Steps to reproduce (if it's a bug).

ACLay commented 1 month ago

Apollo Studio

A paid serverless plan should run us $15/month/1M operation (above 10M), and give 90 days access to performance and trace data. Free plan gives 1 day.

I'm skeptical about it, as the UI and pricing pages don't seem to suggest this, but when inquiring about how a low usage account on the paid plan might work with retention levels, @srconway was told:

The 90 day data retention is active immediately on the Serverless paid plan. However, this only applies to cloud supergraphs

GraphQL Hive

A paid plan is $10/month/1M operations (above 1M), and gives 90 days access to performance data (no traces). Free plan gives 7 days. It has a self host option, but that needs lots of other systems and feels like it'd be a hassle to do reliably.

OpenTelemetry -> Jaeger -> Opensearch

We can set up opentelemetry to send traces to a jaeger instance which allows full trace inspection, and can even hook into elastic/opensearch to provide analytics. The storage requirements need investigating, as I do worry they might consume a lot. Maybe 10 minutes of minutes poking about in UOP over 1 days local testing produced 500 traces and 9.3MB of indexes on elastic. These traces are for graphql calls, incoming requests & external calls, like those to the UOWS, so I don't know how much storage we'd actually need for a real deployment

Operation count context

Looking over the april proxy logs (which contained a major ISIS direct round), we had 516,421 graphql requests on prod and 85,118 in dev for a total of 601,539.

joshhdawes commented 3 weeks ago

Sonia's going to get the paid Apollo Studio plan for a month so we can see which improvements we get.

srconway commented 2 weeks ago

Done.

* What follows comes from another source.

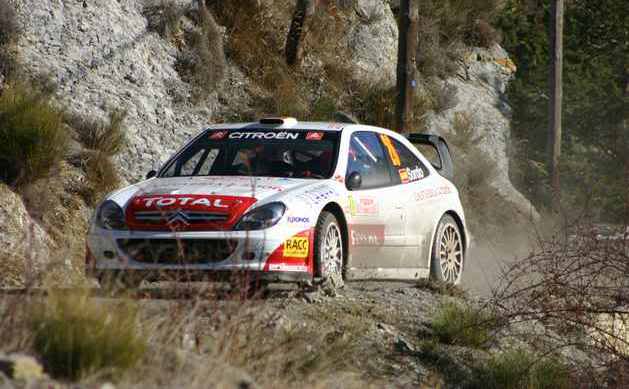 Citroen Xsara WRC. Ixo-Altaya. Juanh Racing Team 181 R207720-20Sordo20MC202006203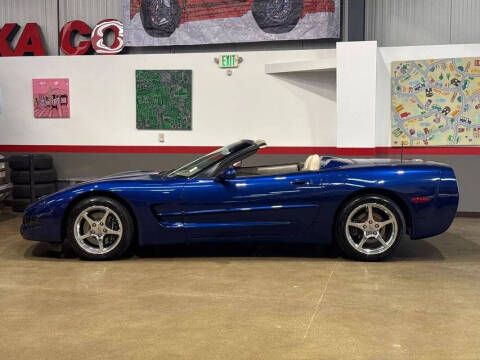 2004 Chevrolet Corvette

As of this afternoon we're on 'Serverless' rather than 'Serverless (Free)'. I'll get the first bill at the end of June so lets see if it makes any difference.

@ACLay @joshhdawes

ACLay commented 2 weeks ago

This is looking good. Old data's there and browsable, and their reported operation count for april is 594,501 which comes in very close to my prior estimate of 601,539 from the proxy logs https://studio.apollographql.com/org/isis-proposals-and-allocations/settings/billing

joshhdawes commented 1 week ago

Alex is going to put in a meeting to review Apollo Studio, along with other options that have been investigated.